Loi du 26 juillet 2013 de séparation et de régulation des activités bancaires - Les principales mesures

Créé le

24.10.2013

-

Mis à jour le

31.10.2013

La séparation des activités

La loi prévoit le cantonnement des activités spéculatives (c’est-à-dire menées par la banque pour son compte et dans son seul intérêt) dans une filiale strictement séparée du reste du groupe. Ce périmètre n’inclut pas les activités pour compte propre qui ont pour objet :

  • la fourniture de services d’investissement à la clientèle ;
  • la compensation d’instruments financiers ;
  • la couverture des risques ;
  • la tenue de marché ;
  • la gestion saine et prudente de la trésorerie ;
  • les opérations d’investissement.
Ces activités sont donc maintenues dans la maison mère, mais sous réserve d’un seuil à définir par arrêté.

Cette filiale doit être agréée par l’ACPR et ne pourra ni recevoir de dépôts, ni fournir de services de paiement. Elle devra être capitalisée et financée de façon autonome ; de plus, son groupe d’appartenance devra respecter vis-à-vis d’elle les limites du ratio des grands risques et ne pourra pas la recapitaliser sans l’accord préalable de l’ACPR ; enfin, elle sera soumise aux exigences prudentielles de la CRD 4. En outre, pour éviter toute confusion, cette filiale devra porter un nom et une raison sociale distincts de ceux du groupe. Ses dirigeants devront être distincts de ceux du groupe.

L’ACPR organise le suivi prudentiel :

  • du groupe consolidé avec la filiale dédiée ;
  • du groupe consolidé sans la filiale dédiée ;
  • de la filiale sur une base individuelle.
Certaines activités sont interdites :

  • les opérations de trading à haute fréquence taxables au titre de la taxe sur les transactions financières ;
  • les opérations pour compte propre sur les produits dérivés agricoles.
Les activités en gestion extinctive sont exemptées.

L’identification des activités à séparer doit être réalisée au 1er juillet 2014 et la séparation effective s’appliquera au 1er juillet 2015.

La résolution

La loi dote la nouvelle autorité de résolution (l’ACPR) de larges pouvoirs d’intervention en cas de crise, notamment la possibilité :

  • de révoquer ou de suspendre les dirigeants en nommant un administrateur provisoire ;
  • d’interdire le paiement des dividendes ;
  • de suspendre le paiement des créanciers ;
  • de transférer tout ou partie des actifs et activités de la banque à un autre établissement ;
  • de créer une banque relais pour assurer la continuité d’exploitation.
Elle est également dotée d’un pouvoir de contrôle a priori pour identifier des obstacles éventuels à l’application de la résolution et pourra le cas échéant demander une réorganisation des activités ou de la structure des groupes pour les surmonter.

Le régime de résolution introduit le bail-in, c’est-à-dire le principe d’imputation prioritaire des pertes sur les actionnaires et les créanciers subordonnés, pour éviter notamment le recours à des fonds publics. Cependant, la loi fixe le principe selon lequel aucun actionnaire ou créancier ne doit subir de pertes plus importantes que celles provoquées en cas de liquidation selon la procédure prévue par le Code du commerce.

Un fonds de résolution est créé dont les missions sont confiées à l’actuel Fonds de garantie des dépôts, dont le montant sera relevé à 10 milliards d’euros à horizon 2020, financé par le secteur bancaire et financier.
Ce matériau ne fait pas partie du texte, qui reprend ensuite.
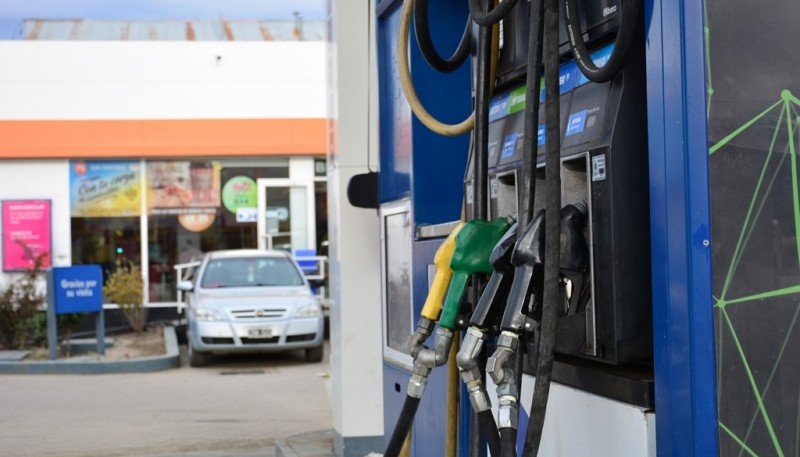 YPF aumenta los precios de sus combustibles un 2,5% desde este lunes
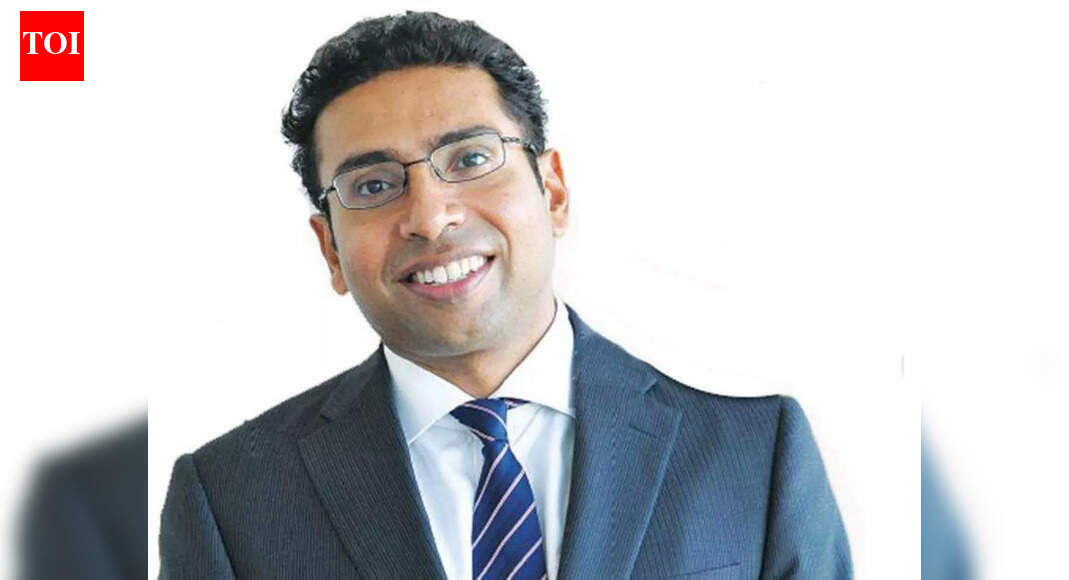 Is the era of salaried jobs ending? Here is why investor Saurabh Mukherjea tells students to focus on AI-resistant skills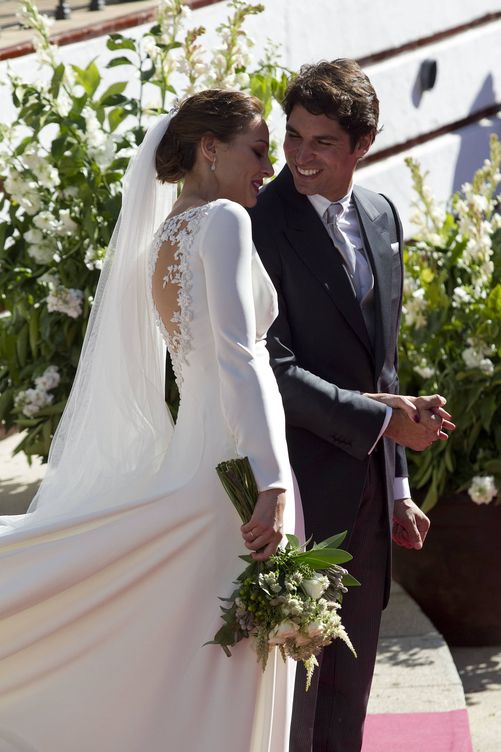 Eva González y Cayetano Rivera, el día de su boda. (Getty)
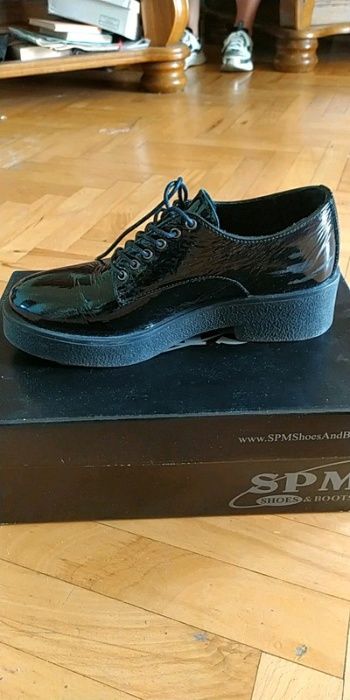 Półbuty marki SPM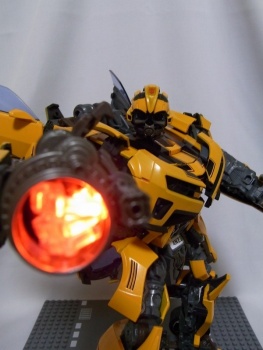 [Masterpiece Takara Tomy] MPM-2 BUMBLEBEE - Sortie Décembre 2010 WgkWp3nC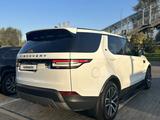 Land Rover Discovery 2019 года за 25 500 000 тг. в Алматы – фото 4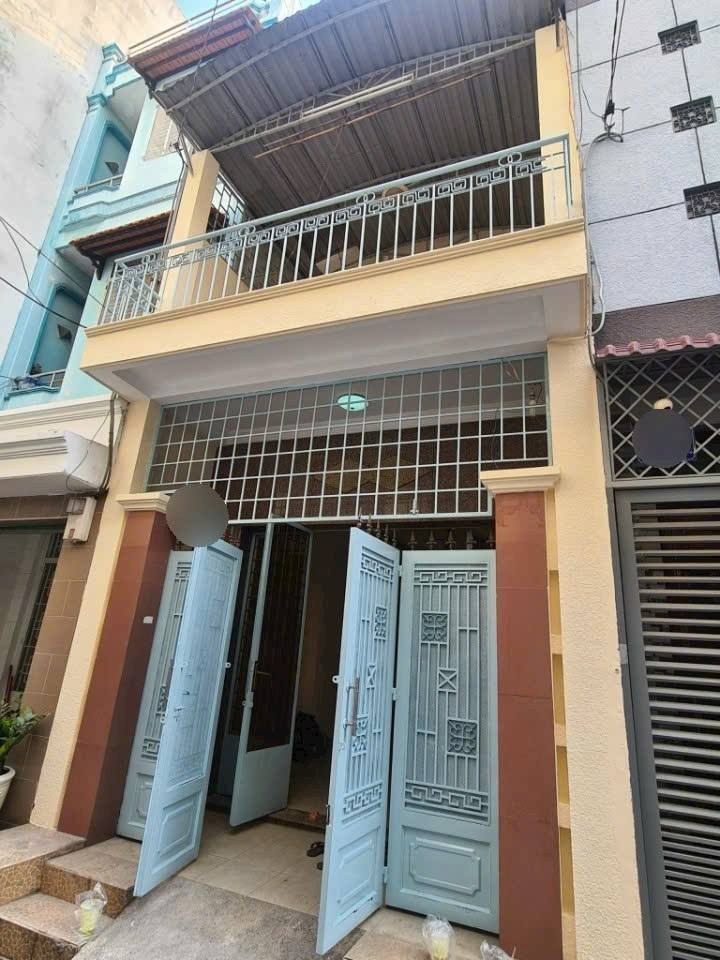 Bán nhà phố 1/ Thành Thái, Quận 10, diện tích 66m² giá 13.5 tỷ - Vị trí đắc địa cho kinh doanh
Pour une meilleure prévention des crises bancaires et pour faciliter l’intervention des pouvoirs publics, les groupes bancaires devront établir des plans préventifs de rétablissement et l’ACPR devra de son côté préparer des plans préventifs de résolution.

Enfin, les bonus et primes des dirigeants seront suspendus en cas de révocation ou de suspension. Les banques devront également fixer au préalable les modalités de réduction ou d’annulation des bonus des dirigeants et traders en cas de difficulté.